On another note, as many of you may know, one of the other big topics in healthcare reform, other than Medicare Advantage and price transparency, is prior authorization. No one likes prior authorization, and CMS has proposed rules to rein in insurers. But you may recall that traditional Medicare has its own prior authorization program for specific services performed in the hospital outpatient setting.

When this program was introduced, many were surprised that CMS limited it to the hospital outpatient setting and excluded inpatient surgeries and surgeries performed at surgery centers. Well, it appears that may soon change. In a notice published two weeks ago, CMS announced that they are creating a prior authorization process for ambulatory surgery centers (ASCs) as a demonstration project to “develop improved procedures for the identification, investigation, and prosecution of Medicare fraud occurring in ambulatory surgical centers providing services to Medicare beneficiaries.”

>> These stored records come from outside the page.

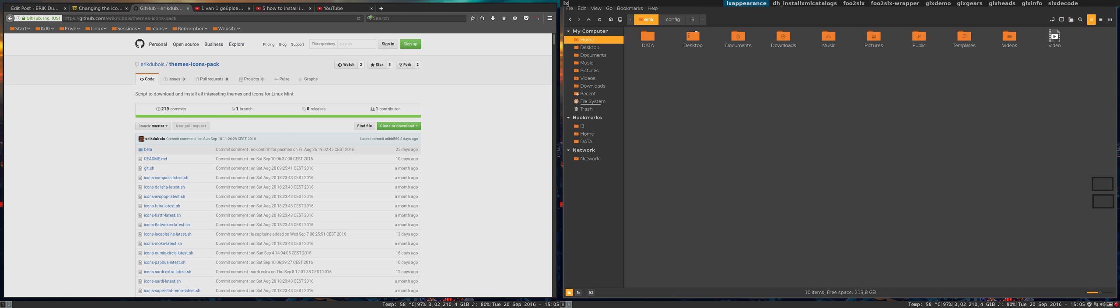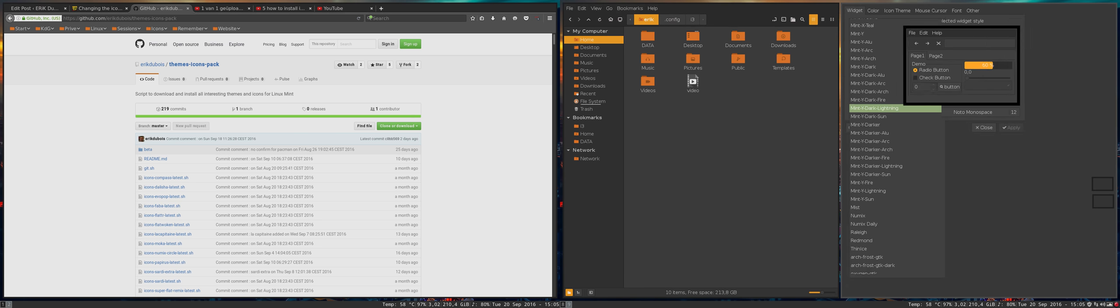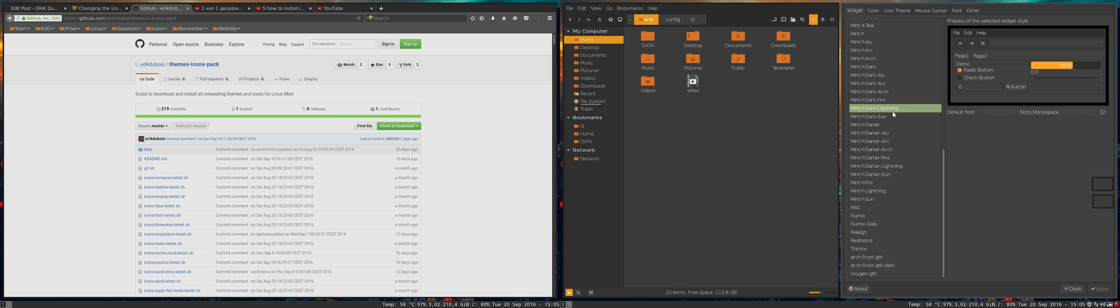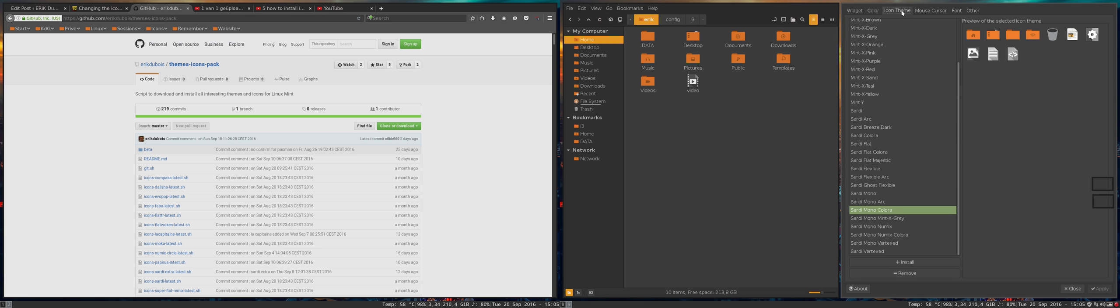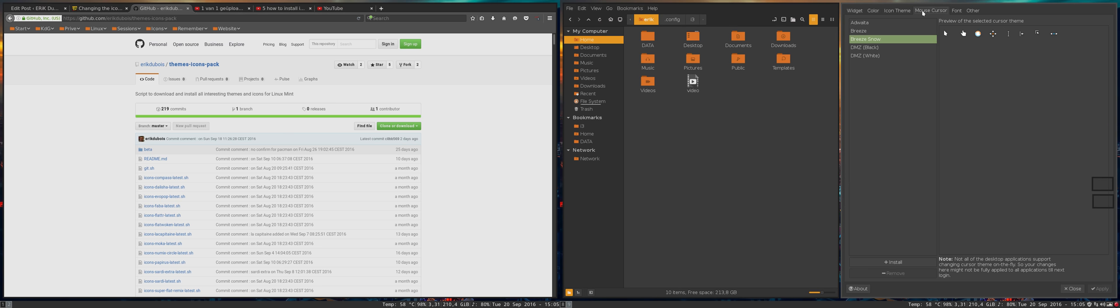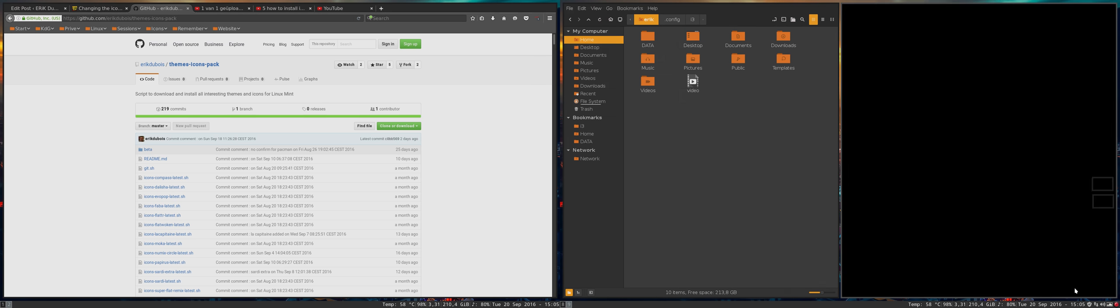LXAppearance—this is the program that will help you do this. Here you select the themes. You can't do anything here. Your icon theme, your mouse cursor, save it, apply it, and there's that.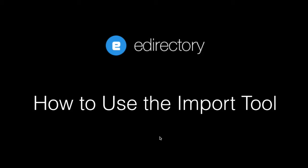Hi there, this is Tom from eDirectory. Thank you for tuning in to our video tutorial series. In this video we're going to cover how to use the import tool in your eDirectory software.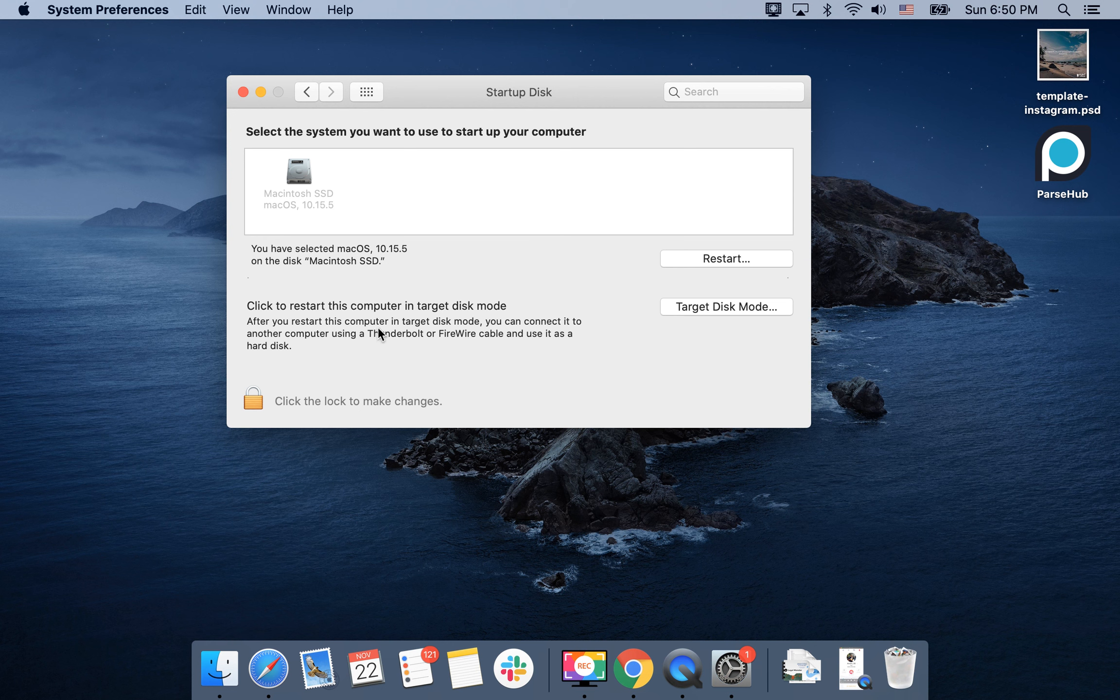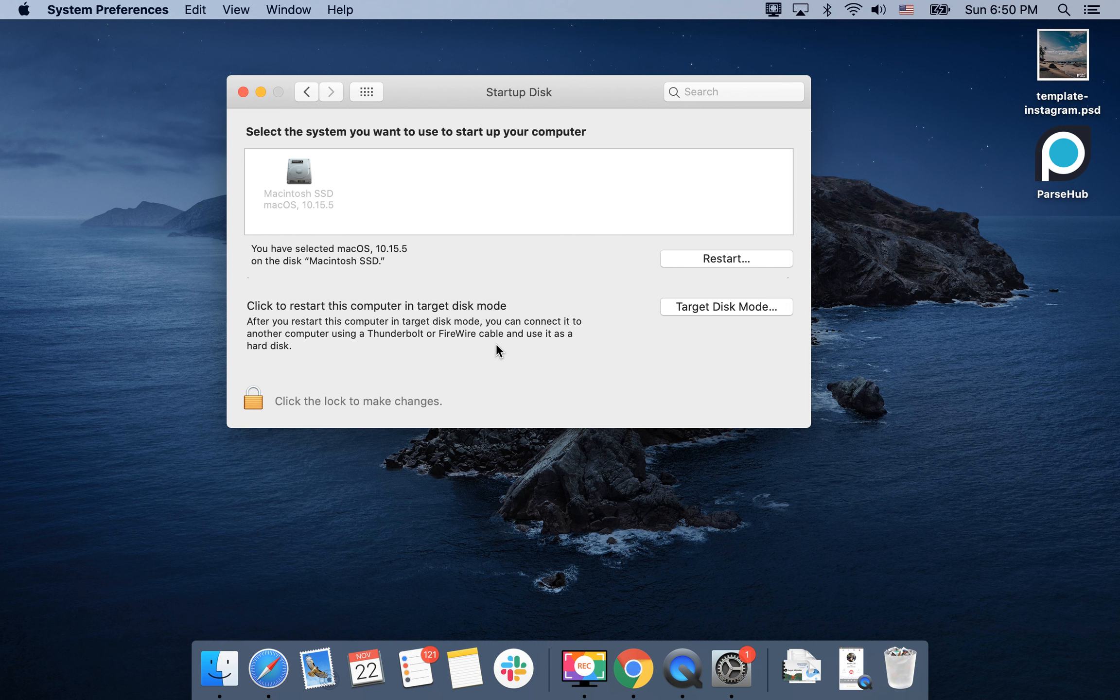After you start this computer in target disk mode, you can connect it to another computer using Thunderbolt or FireWire and use it as a hard disk. You can use the hard disk from another computer and start it on your current laptop.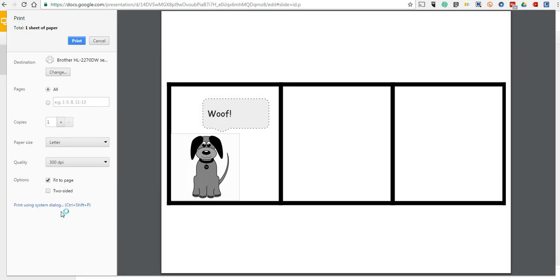So that's how you can create a little comic strip inside Google Slides. For more tips and tricks like this, please check out FreeTechForTeachers.com.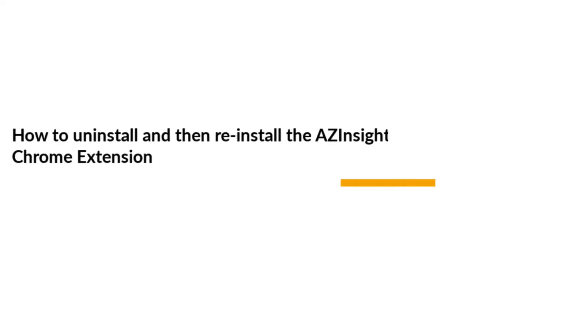Hey there, Nick with Ace and Zen. In this quick video, I'm going to show you how to uninstall and reinstall the AZ Insight Chrome extension.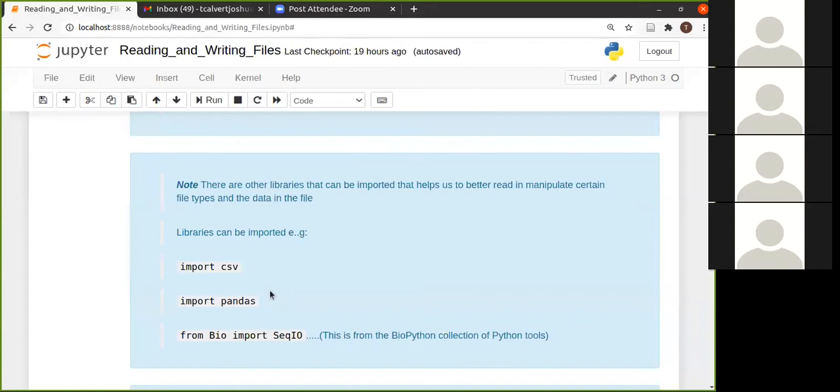So there is an import CSV where you can read in CSV files and it comes with other methods that are specific to CSV files or to that specific library that you can use to manipulate the information inside of the file. There's also pandas.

Unfortunately, we have few details of this new process, and no idea when it will begin, nor what surgeries will require prior authorization. But this process will differ from the outpatient hospital process. For hospitals, obtaining a prior authorization is a condition of payment, so if it is not done, the hospital gets paid nothing, with no appeal rights.

But CMS has said that for ASCs, if the prior authorization is not obtained, the Medicare Administrative Contractors (MACs) will simply contact the ASC and request the records to determine if the claim should be paid. Now, why is this different? Well, CMS said they were limited by regulatory and statutory differences between ASCs and hospitals.

As I have reported here, CMS stated that about 20 percent of hospital outpatient prior authorizations are denied at first pass, so it will be interesting to watch how ASCs perform.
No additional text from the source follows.